In the past seven years I have made a gradual transition from performing at the prepared piano to creating installations, performances, and public projects focused on our daily listening experiences. The preparations I used were a smattering of household objects - bowls, cutlery, fishing line, matchbooks - with which I would play directly on the strings and body of the instrument. At venues that lacked a piano, I would spread my preparations out on a table and coax sound from them. This material exploration has continued into pieces like Drawn, where a world of unusual sounds is extracted from commonplace materials (a book, a spool of thread).

Every day we are washed in melodies. They emanate from earphones, car radios, elevators, car horns, the person humming next to us, and the song stuck in our head. My work explores the richness in these daily listening experiences. In gallery and performance settings I create spaces that focus a listener's attention on slices of everyday sound. Visitors are invited to cure themselves of the song stuck in their head, to observe the slowly unfolding rhythms produced by melting ice, or to watch a group of dancers perform on an instrument made from strings and discarded furniture.
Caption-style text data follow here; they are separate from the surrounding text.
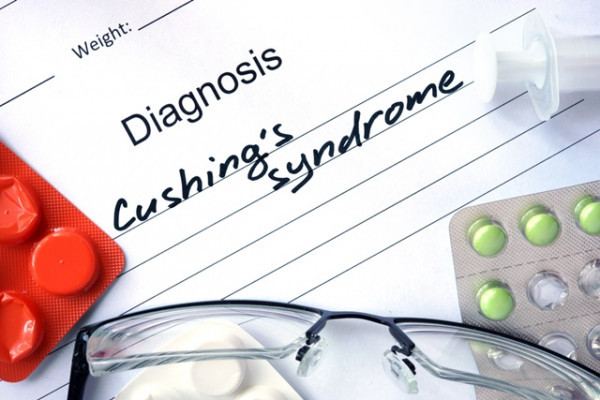 Sindromul Cushing: cauze, simptome si complicatii Cushing pierderea în greutate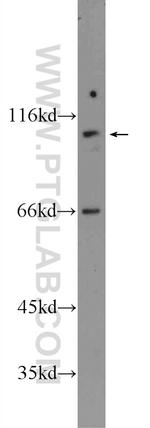 FAM160B1 Antibody in Western Blot (WB)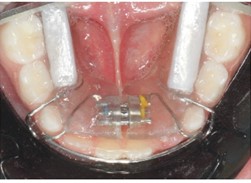 Adapted SN7 brace: a) frontal intraoral photo with SN7;  b) right lateral intraoral photo with SN7; c) left lateral intraoral photo with SN7;  d) upper occlusal intraoral photo with SN7; e) lower occlusal intraoral photo with SN7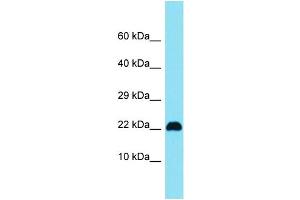 Host: Rabbit Target Name: C15orf32 Sample Type: Jurkat Whole Cell lysates Antibody Dilution: 1. (C15ORF32 Antikörper  (N-Term))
Through public projects outside of the concert venue or gallery, I insert playful anomalies for listeners to discover in their daily soundscape. In Call Notes, for example, the sounds of synthesized birds singing popular melodies are broadcast from solar powered electronics hidden in sidewalk trees and public parks, to be discovered by passers by. Presenting sounds in public space has allowed me to engage everyday habits while they are being practiced. For my future projects I have the ambition to not only reflect on daily listening experiences, but to create sounds that become a part of them.

 

Bio

Dan St. Clair makes works that playfully reconsider our daily listening habits. His public projects include Call Notes, where artificial birds sing pop tunes in public parks, a muzak map of the Chicago Loop, a unique set of bicycle horns, and The Cure for That Song Stuck in Your Head. In performance and gallery pieces he has amplified sheets of melting ice and played an instrument made from a book and sewing thread. In 2004 he archived a set of original piano preparations used by John Cage and David Tudor. Exhibition venues include SFX Seoul, South Korea, Soho In Ottakring, Vienna, Austria, Sonambiente 2006, Berlin, Germany, The Chocolate Factory, New York, NY, Wired Magazine NEXTfest, Chicago, IL, and Mess Hall, Chicago, IL. As a pianist, he has performed with Anthony Braxton, Matt Bauder, Mary Halvorson, and Jamey Abersold. He has studied with Nic Collins, Mary Jane Jacob, Ron Kuivila, Laurie Palmer, and Anne Wilson. He currently lives in Brooklyn, NY.